Aucune raison que la Normandie échappe à la contrition mémorielle ! Étalée sur trois sites, à Rouen, au Havre et à Honfleur, l’exposition « Esclavage, mémoires normandes » rappelle avec moult détails le (bref) passé esclavagiste de la région. De quoi oublier la guerre de Cent Ans et les marines de Boudin.

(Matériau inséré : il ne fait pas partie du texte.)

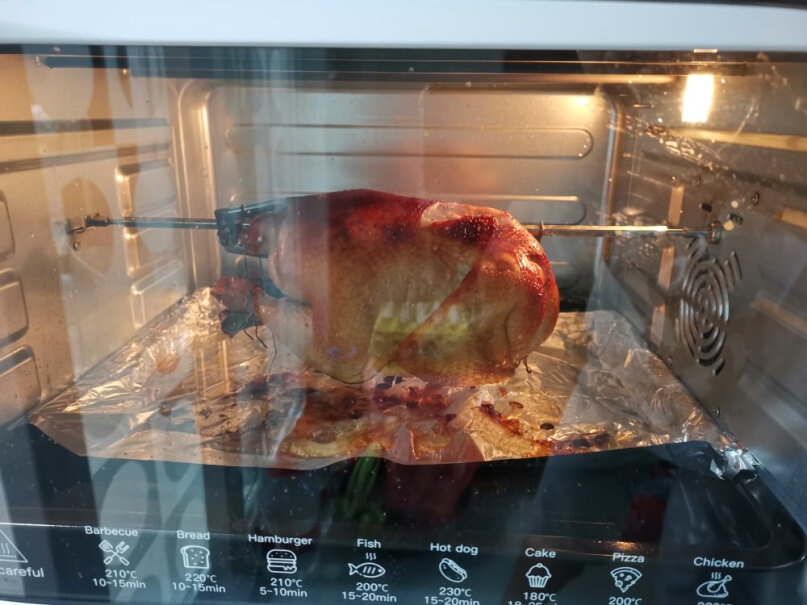 德玛仕电烤箱商用私房烘焙蛋糕披萨面包家用大烤箱可以烤几个6寸面包？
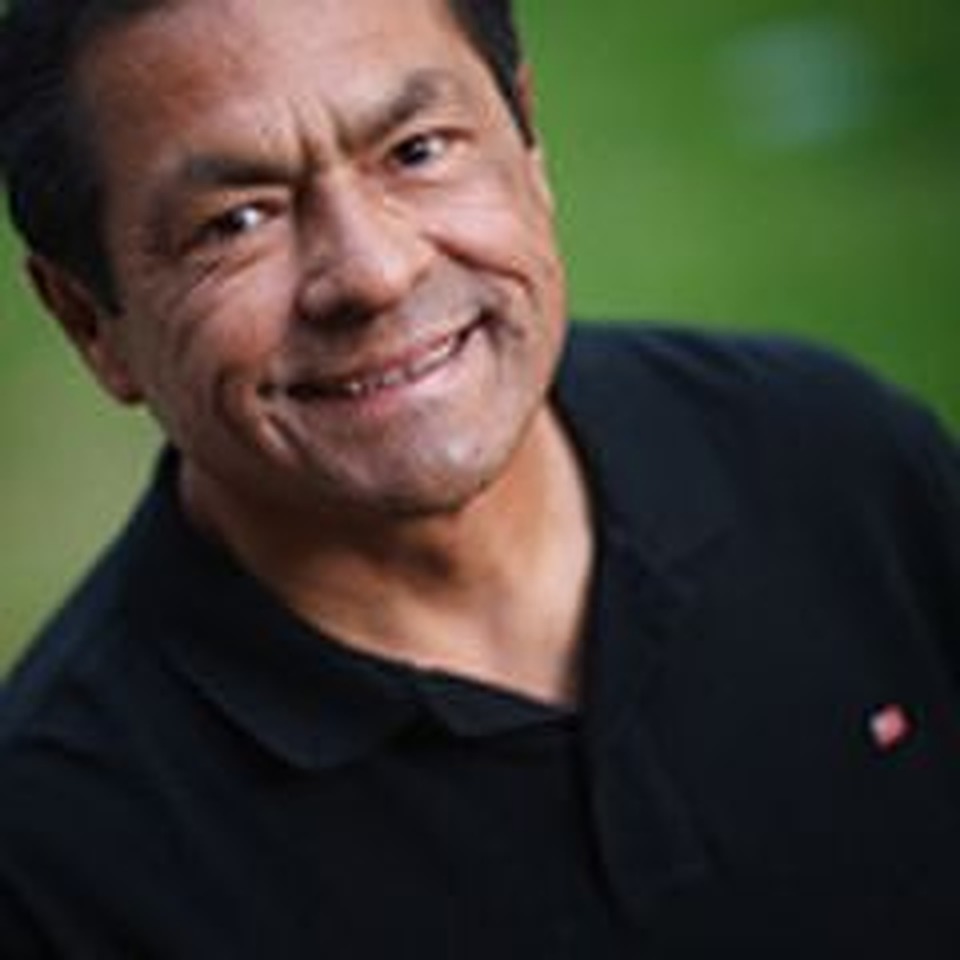 Pat Rojas, Broker
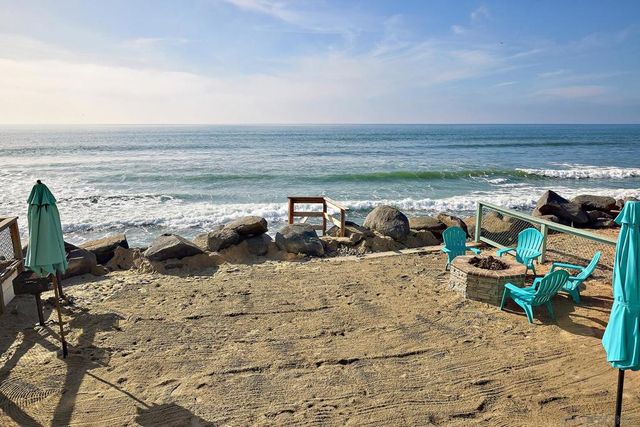 1123 S Pacific Street, Oceanside, CA 92054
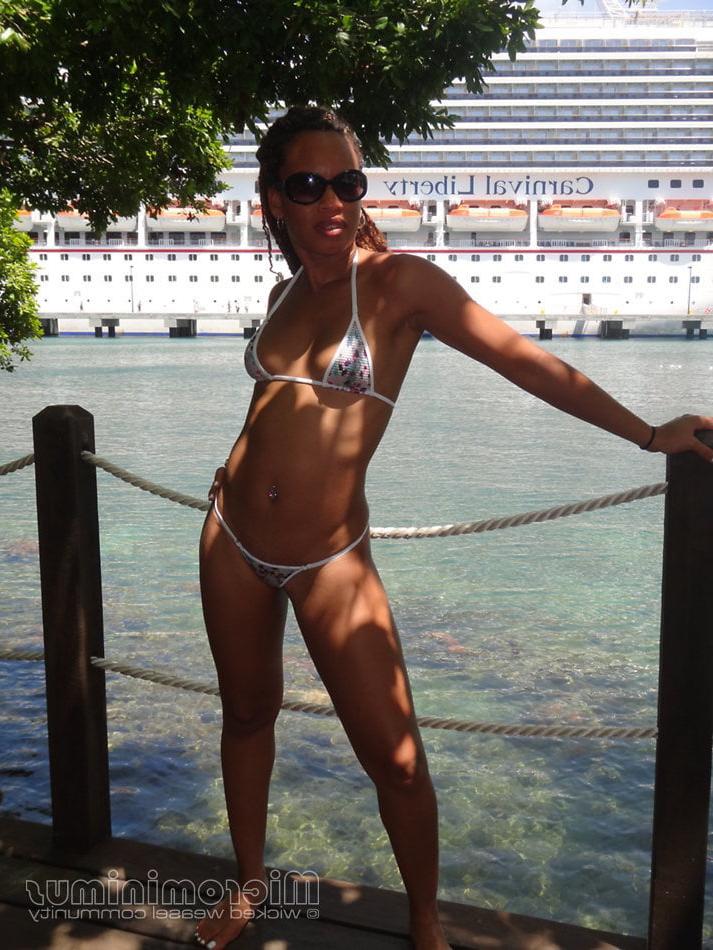 19P Patricia Amazing Ebony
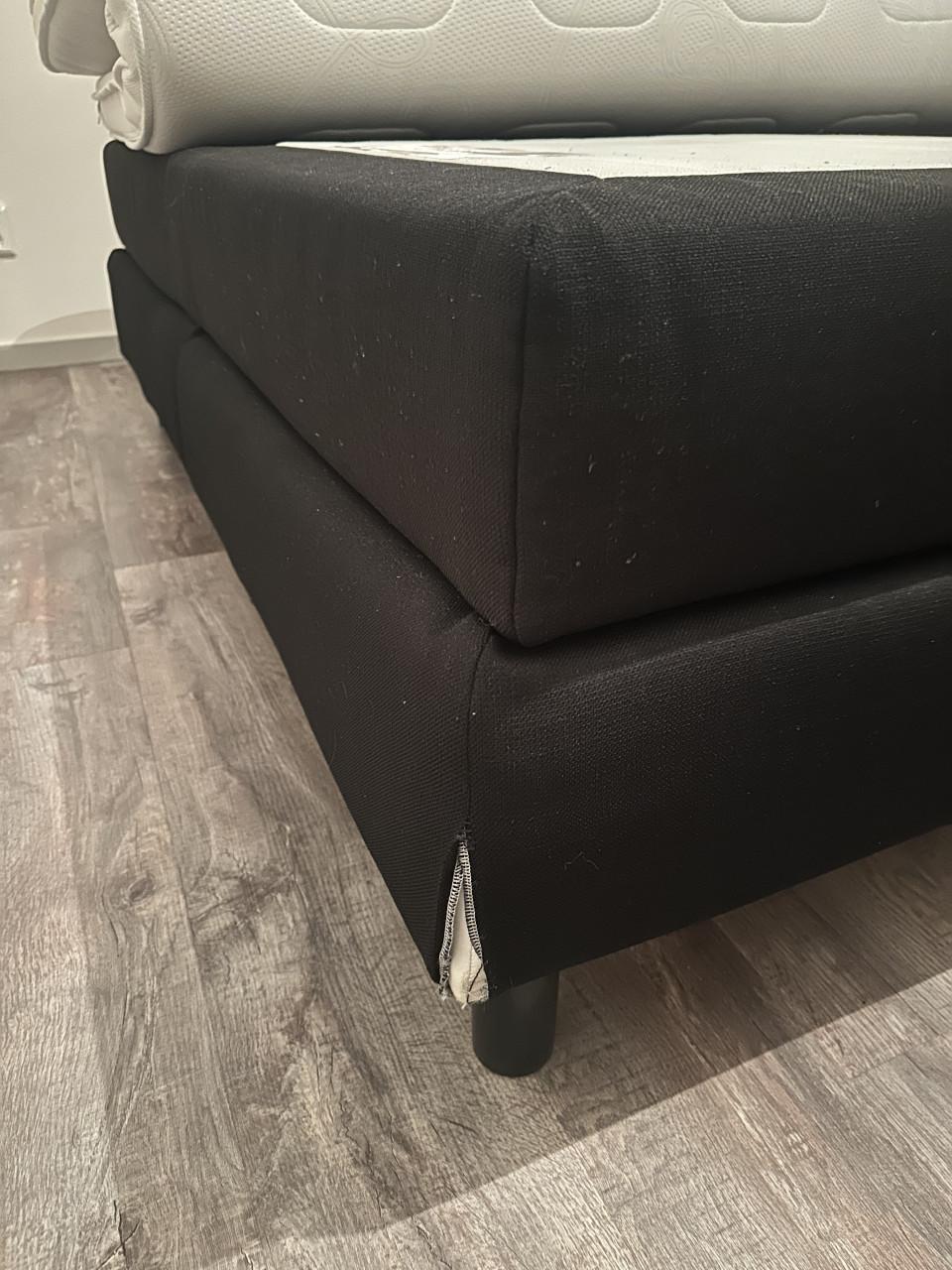 Boxspring zwart 180x200 met norma matrassen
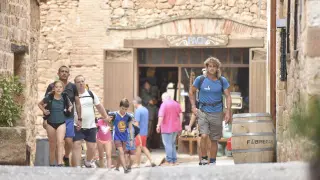Turistas ayer en Alquézar, uno de los pueblos más visitados de la provincia.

Ceux pour qui l’histoire de la Normandie entremêle encore bien naïvement des images de vigoureux Vikings, de ducs intrépides et de batailles décisives contre l’Allemagne nazie pourront réviser leur copie jusqu’au 10 novembre grâce à l’exposition sobrement intitulée « Esclavage, mémoires normandes ». Une exposition reconnue d’intérêt national par le ministère de la Culture et qui bénéficie, à ce titre, d’un soutien financier exceptionnel de l’État ainsi que du soutien intellectuel et moral –moins exceptionnel – de tout ce que notre pays compte de professionnels de la repentance collective.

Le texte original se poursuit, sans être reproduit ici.